This is how empires rise and fall, pulling our fortunes along with them. Start with virgin territory: back in 1957, the Rosen brothers of Baltimore flew over Cape Coral, Fla., in a plane, liked what they saw, paid $678,000 for the farmland and started dredging 400 miles (640 km) of canals, which is more than Venice can claim. It was a peaceful place for old people Cape Coma, folks called it, until about five years ago, when the gold rush began. College kids were waiting tables to buy condos and flip them; speculators got into bidding wars on unbuilt houses; the price would triple just in the time it took to build. Numbers made no sense; people got drunk and reckless. And then they got crushed. Cape CoralFort Myers, once the third fastest growing metro area in the country, last year became the foreclosure capital of America.
Marc Joseph grew up here, the Realtor son of a Realtor dad. He watched the market go mad and had his revelation: now is the moment to get back in and stake your claim. At 41, he did not expect to be driving around Cape Coral in an old church bus that he bought off Craigslist, painted dollar green and emblazoned with the motto "ForeclosureToursRUs.com." But most people had no idea how to buy a house from a bank, and many were too scared to try, so he decided to lead tours of the new economic frontier. He is a revivalist for this apocalyptic age, living an American story as old as the pilgrims and the 49ers and every pioneer who ever saw opportunity where everyone else saw only ruin. (See pictures of Americans in their homes.)
This morning he has prospective snowbirds from Spain, Ontario ("We just can't ignore these prices"), Boston and Mingo Junction, Ohio, where another steel mill is about to close. "Opportunity is banging at your door," Joseph tells them, and he'd sound like any cheesy salesman if he weren't so attached to this place and so angry at what was done to it; it's as if his house had been burned down by reckless kids playing with matches and he's building it back up again board by board.

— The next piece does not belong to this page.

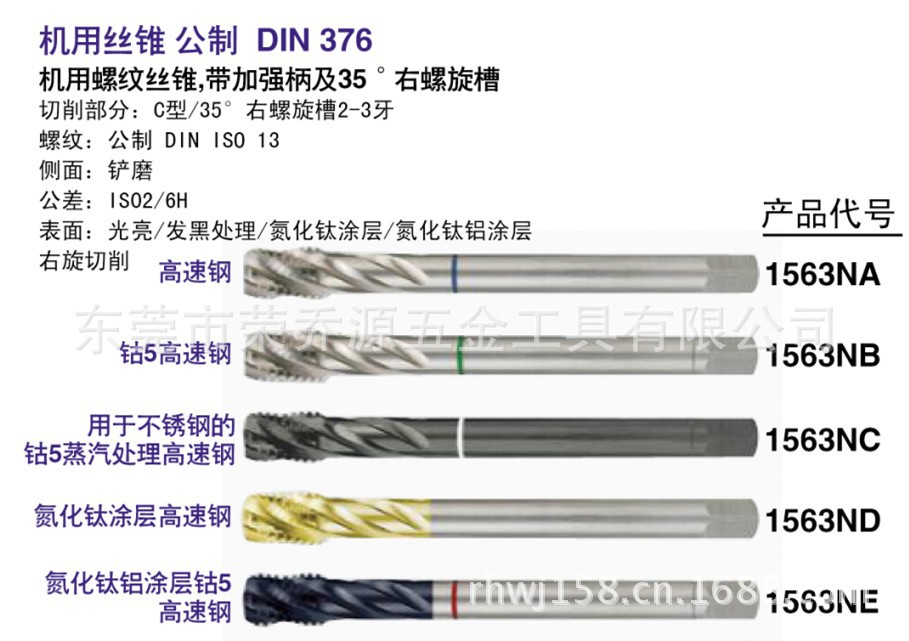 德國機用絲錐精工典范 K牌威耐德DIN376 1563N評測與價格分析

It's gotten so bad that the courts have had to hire extra judges to handle the 1,000 foreclosures a day that works out to roughly one every 30 seconds.
But those expecting to see buzzards circling overhead will be surprised. As quickly as one myth dies, another rises in its place, and Joseph is an oracle. It's when you buy that determines what money you make, he tells the fortune hunters on his bus. "A scary time? I'd say it's an opportunity. But it wouldn't be an opportunity if it weren't a scary time," he says. The speculators are back but they've changed; he has investors up North who are buying houses sight unseen, for cash. (The conditions? No mold, no Chinese drywall.) And then there are the newly pissed off and liberated: the guy in his 40s who's tired of watching his IRA shrivel, who calls and says, "I'm coming down," who wants six houses at $50,000 each, nice flat homes that he can rent to people who are sick of shoveling snow or climbing stairs. That's less than the land used to sell for; it's as if you get the house for free.
As Joseph talks, you can practically feel the energy rising. This is still Florida; the sun is still shining; how clear is your vision? Gina, a special-ed teacher, and her husband Kurt, a contractor, have already missed out on two houses because they didn't bid fast enough. "Now it's every man for himself," Kurt says. "You have to play fair, put in a decent price." And then, just maybe, there will be rewards for the patient and prudent. "Someone else's loss," he says, "is another's blessing."
Having started the day with a tidy $65,000 three-bedroom ranch (down from $260,000), we end up at a Miami Vice house fireplace in the master bedroom, sailboat access, with a pool on the upstairs deck that overflows in a waterfall into the pool downstairs, and a man cave hidden behind a swinging bookcase. Gina spots signs of water damage; they'll just have to keep looking for their promised land. "The Great Depression only happens once every 100 years or so," she says, "and I don't expect to be around for the next one."
You can look at this many ways. The TV crews from as far away as Germany and Japan come to cruise with the vultures. The greedy got punished, the new prospectors say. But maybe this is just how the life cycle has to work to restore balance to the world. Painted on the side of the green bus is a house being sprinkled with a watering can ("Watch your investment grow!") and a tree with dollar bills hanging on it. Anything can grow here in all this hope and sunshine, if you bury your fear deep enough.